In practice, this means that special transports require additional ploughing, gritting, edge-marking and salting – which must all be carried out before the trucks arrive. At Silvasti, roads and weather conditions are closely monitored via weather forecasts, test drives and on-site inspections; demanding transports projects even require a final drive-through of the planned route on the day of the transport itself. If the conditions are found to be less than optimal, the transport is simply not carried out that day.
“We do not want to take any risks, and we certainly have no need for ‘everyday heroes’ who rely on their luck in slippery weather,” emphasises Riipinen. According to him, routes must always be planned down to the smallest detail in advance. While the amount of time and work required is undeniably greater than in the summer, it is still perfectly doable in the winter as well.
In winter, the greatest challenges are large, slippery inclines and sub-zero temperatures, which may damage vehicles that include plenty of sensitive hydraulics susceptible to frost.
Even the greatest challenges can be overcome
One of the most memorable events in Lauri Riipinen’s career occurred many years ago, on New Year’s Eve at the port of Kalajoki, where a group of Silvasti employees were unloading a ship full of wind turbine components into several trucks.
“At first we had to contend with horizontal snow, which made it all but impossible to see.
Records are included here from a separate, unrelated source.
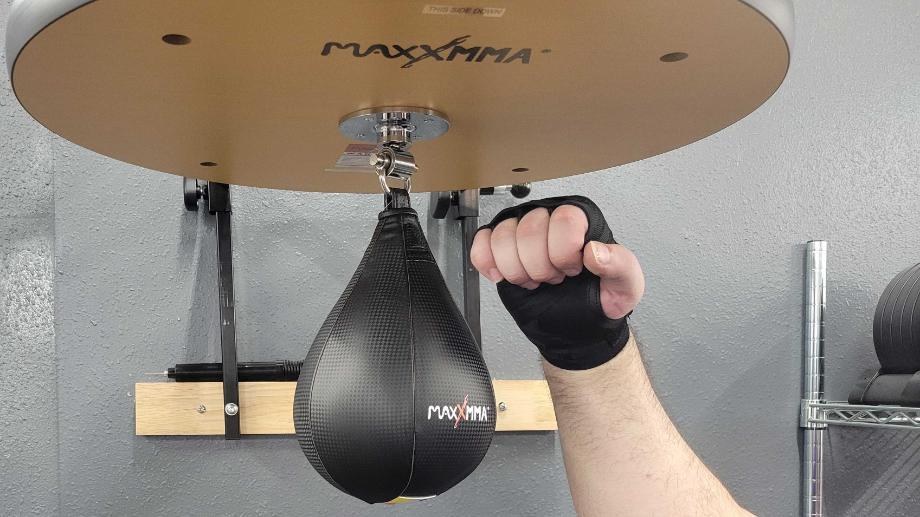 Our tester punching the MaxxMMA Speed Bag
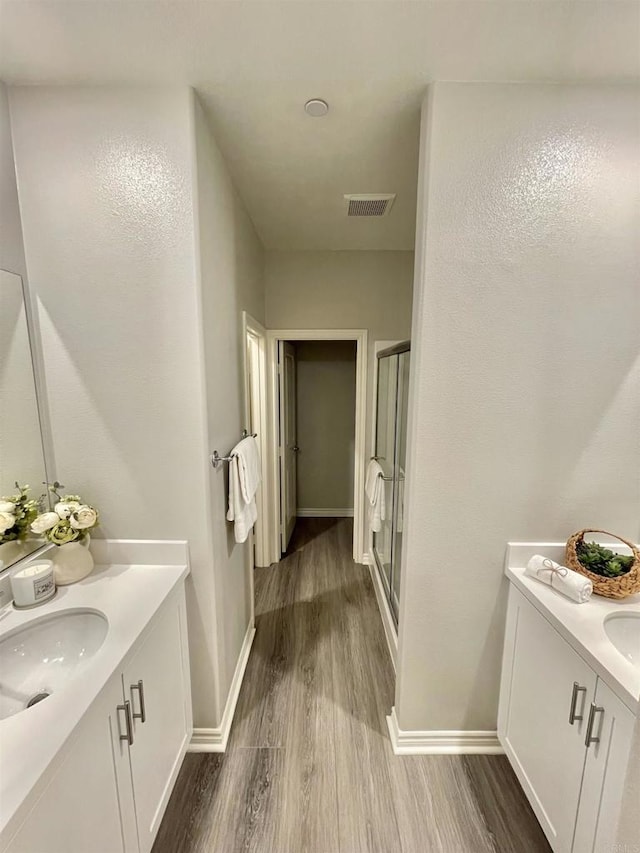 bathroom featuring vanity, wood-type flooring, and an enclosed shower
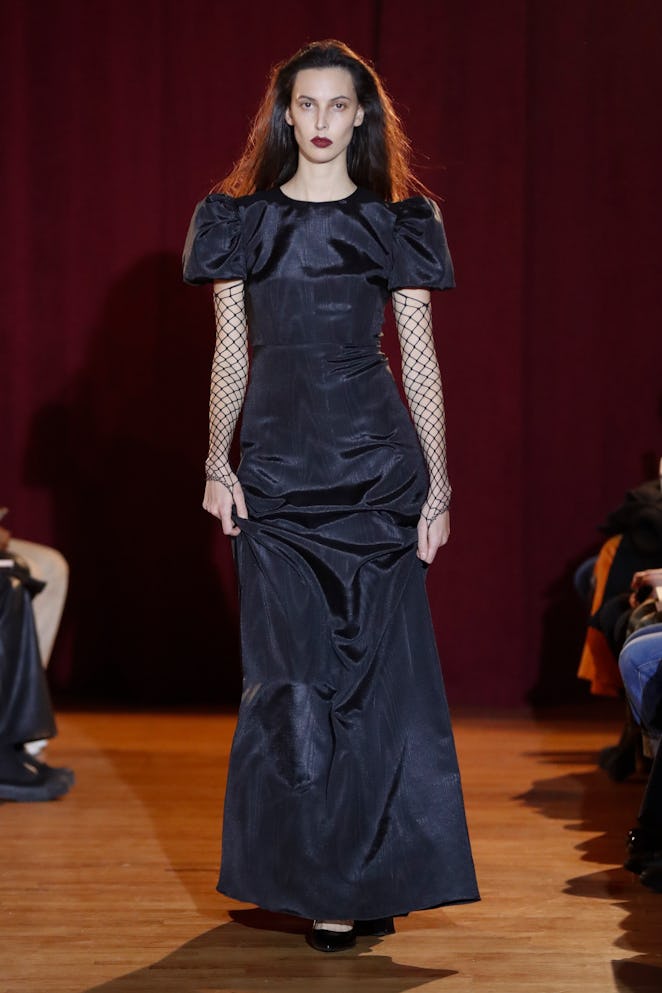 NEW-YORK, USA - FEBRUARY 13: A model walks the runway during the Puppets and Puppets Ready to Wear F...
The snow then turned into pouring rain, which eventually stopped and gave way to a clear, -25-degree Celsius winter day. The entire storage area was instantly turned into a huge ice-skating rink, surrounded by the black, chilling sea, cold steel and large cranes. It took an absurd amount of gritting, but we still managed to get everything done without incident and, most importantly, on time.”
With experience and firm expertise, special transports can be carried out successfully throughout the winter.